FAYETTEVILLE, Ark. — Hagen Smith started it and Kendall Diggs sent everybody out of a cold Baum-Walker early Friday happy.
Diggs, a sophomore from Olathe, Kan., delivered his second walk-off homer in the seventh inning as Arkansas mercy-ruled Eastern Illinois in the series opener Friday afternoon.
Smith had started on the mound and wasn’t as dominating as he was in the College Baseball Showdown in Arlington, Texas, last weekend, but he was good enough.
He lasted 4.2 innings and strick out six, scattering three hits and three walks.
“Today it’s a lot different elements and first home game, probably hyped up a little bit,” Razorbacks coach Dave Van Horn said later. “I just didn’t think that he commanded the ball like he can and will. But his stuff was really good.”
Smith came up big in that Friday game against the Texas Longhorns last week. He was solid against the Panthers, but didn’t just dominate.

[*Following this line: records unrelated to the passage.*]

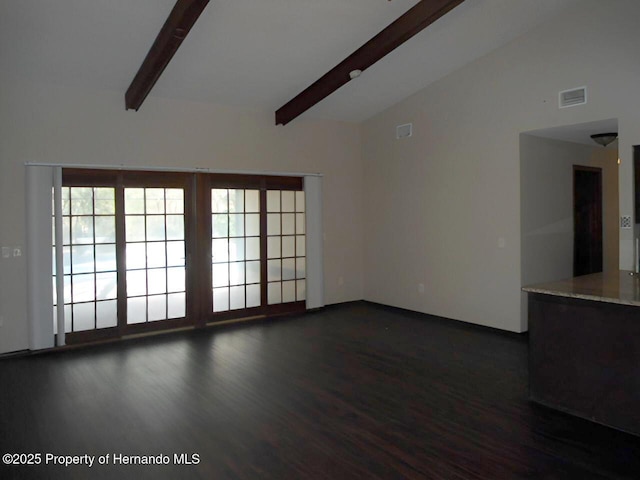 unfurnished living room featuring lofted ceiling with beams and dark hardwood / wood-style floors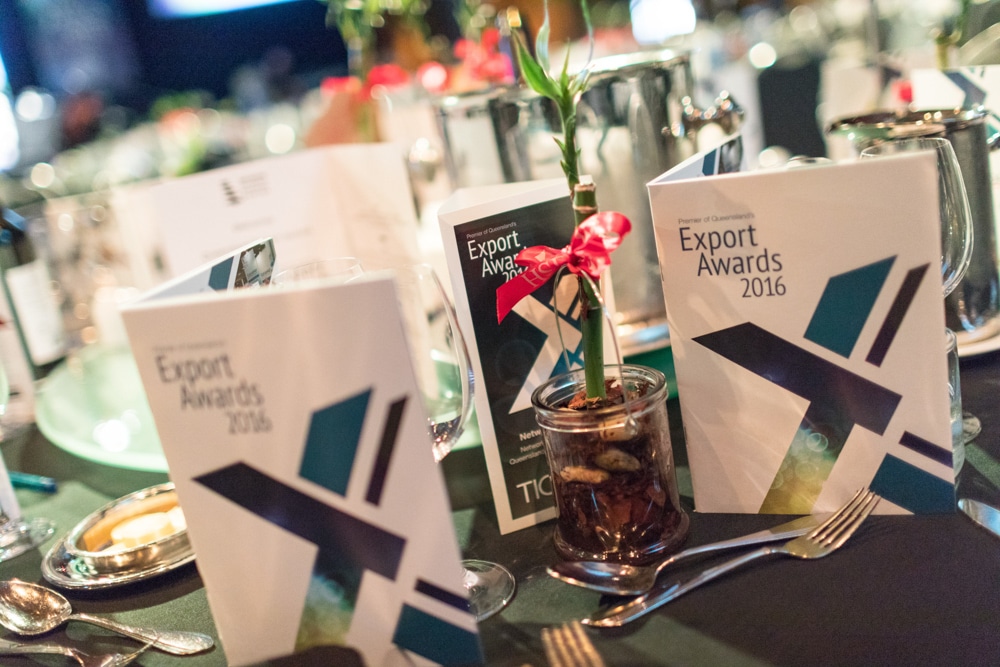 A table set for the 2016 Premier of Queensland's Export Awards with cutlery, awards programs, and bamboo table decorations.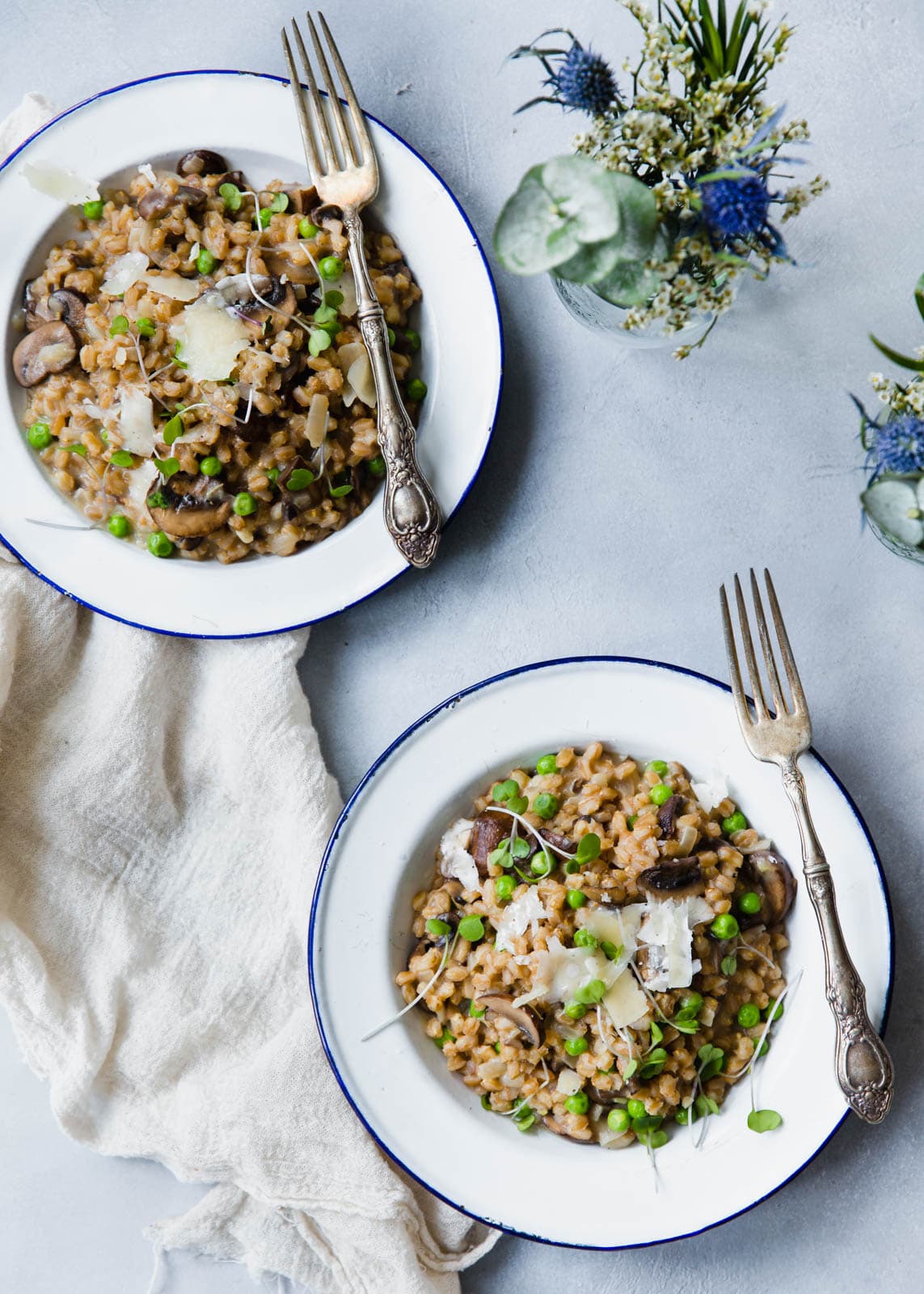 A warm and comforting farro risotto made with fresh spring peas and sautéed mushrooms!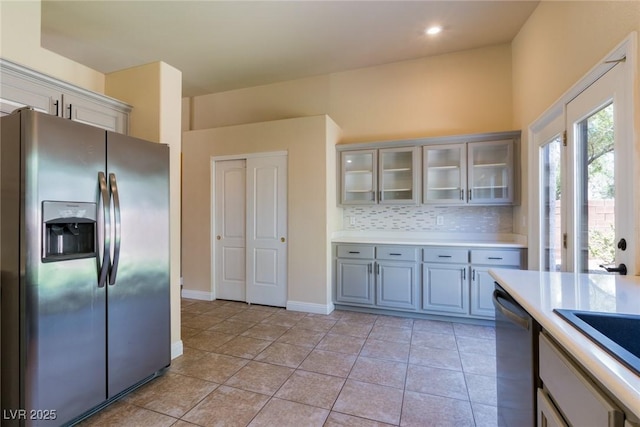 6740 Arctic Breeze St, North Las Vegas, NV 89084 - kitchen featuring appliances with stainless steel finishes, light countertops, glass insert cabinets, decorative backsplash, and light tile patterned floors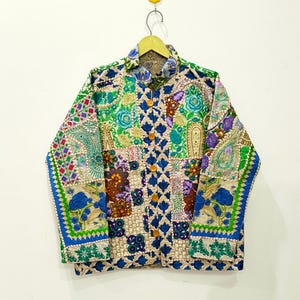 May include: A long-sleeve jacket featuring a vibrant patchwork design with various floral and paisley patterns in shades of blue, green, purple, and gold. The jacket has a collared neckline, a front button closure with light brown buttons, and long sleeves.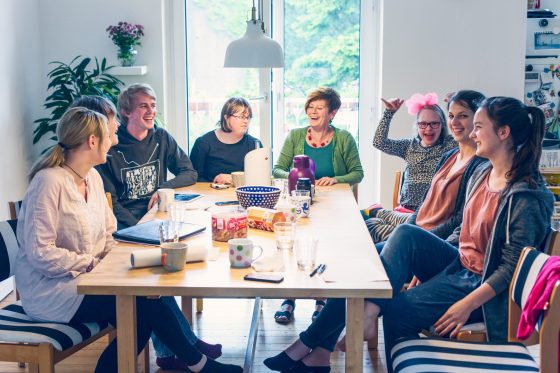 Eine Gruppe Menschen mit und ohne Behinderung sitzt um einen Küchentisch und lacht.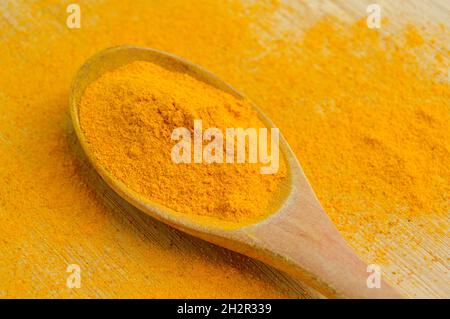 Curcuma frais en poudre aromatique dans une cuillère en bois sur fond en bois de bambou Banque D'Images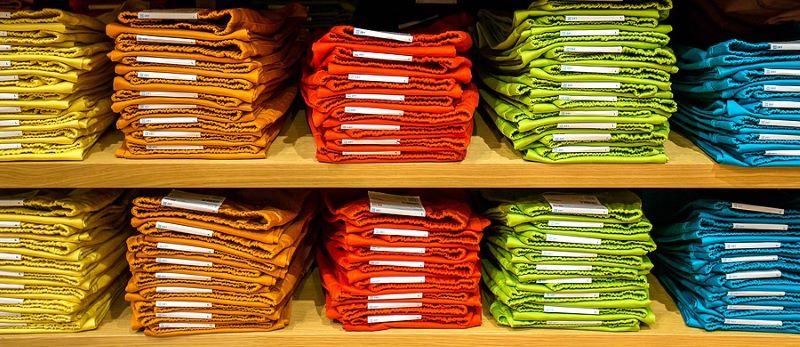 Neat piles of folded and stacked clothing on wood shelves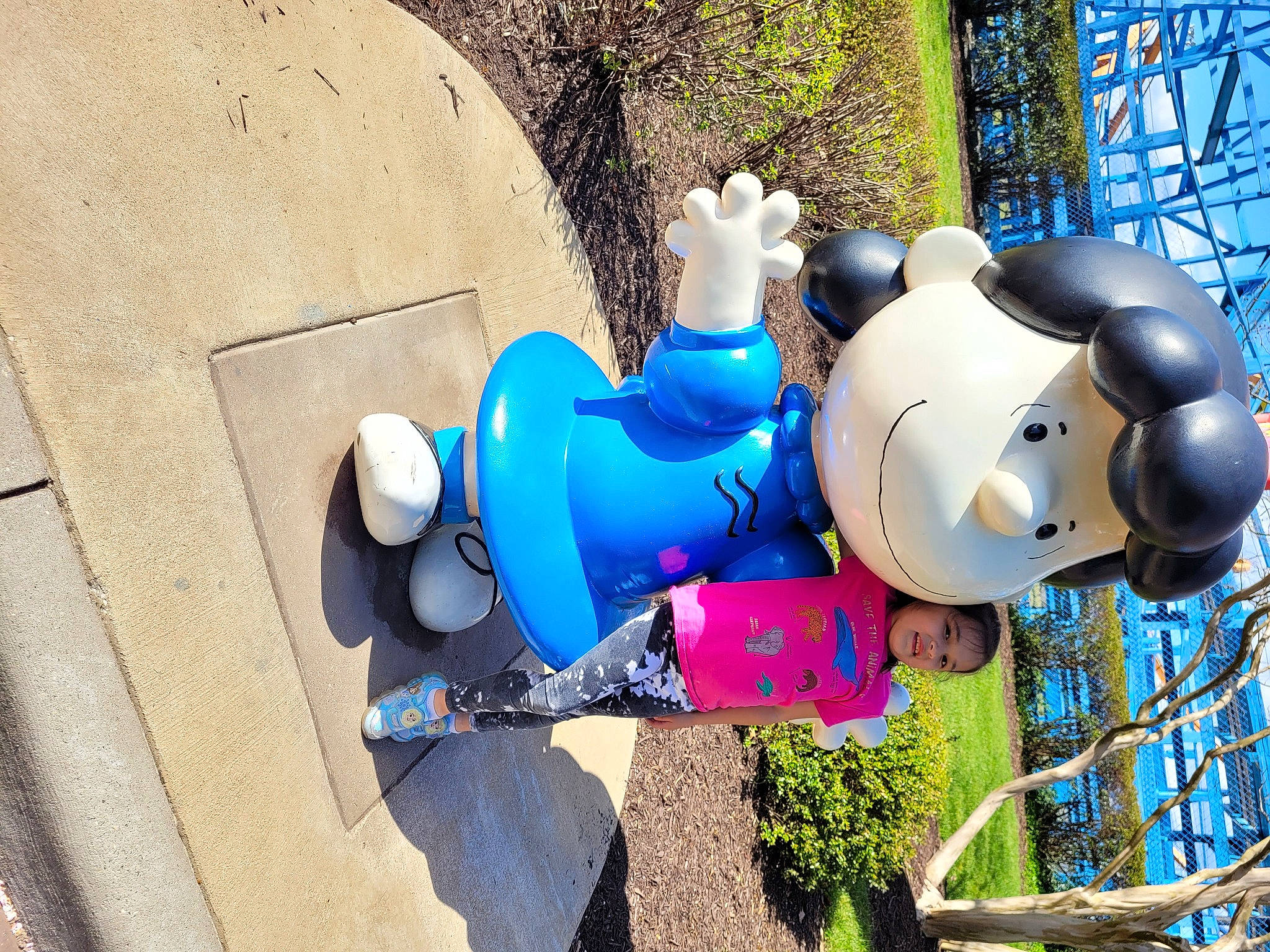 Mavis is registered to the contest to win money with this photo: art, carmine, city, concrete, electric_blue, fun, games, gas, lawn_ornament, leisure, machine, metal, person, personal_protective_equipment, plant, plastic, recreation, sculpture, statue, vacation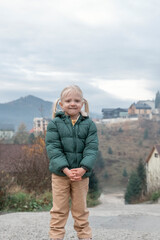 Portrait of cute fair-haired girl with two ponytails wears warm green autumn jacket on village background.Vertical frame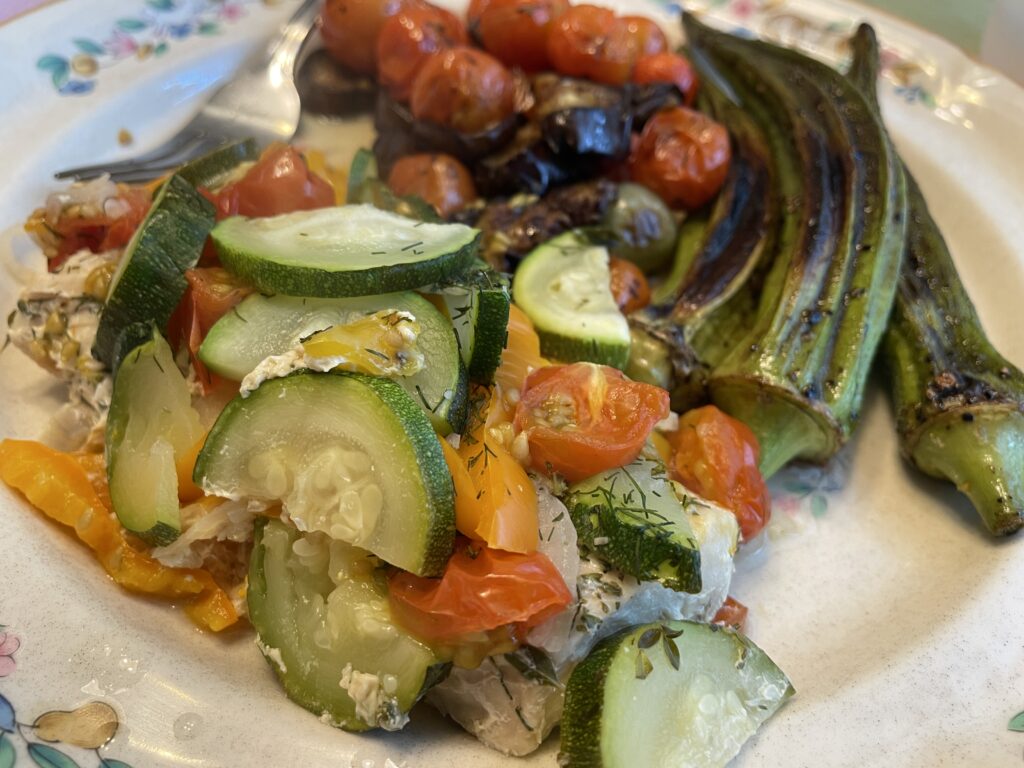 Mahi Mahi portion with vegetables and herbs, with a side of okra and eggplant and tomatoes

“Last week everything was working,” Van Horn said, “as far as throwing strikes and being around the zone.”
By the seventh inning the Hogs were cruising behind Four different Hogs recording multiple hits. Peyton Holt, who got the start at second base in place of an injured Peyton Stovall, led the way with a pair of RBI singles.
Jace Bohrofen reached base four times for Arkansas with a single, two walks, a hit-by-pitch and two stolen bases.
The Hogs basically broke this one op jumped ahead with six runs on five hits in the top of the third. Hudson Polk was hit by the first pitch he saw before John Bolton and Tavian Josenberger reached with bunt singles.
Diggs worked a walk to load the bases, and Jared Wegner and Brady Slavens followed with singles to make it 4-0. Ben McLaughlin plated another run when he grounded into a double play with the bases loaded, and Peyton Holt, who made his first start as a Hog at second base, roped a single to left to make it 6-0.
By the seventh innings, the Hogs still needed three runs to invoke that new run-rule in place everywhere and Diggs delivered a three-run homer on a day when Arkansas piled up 11 hits in the win.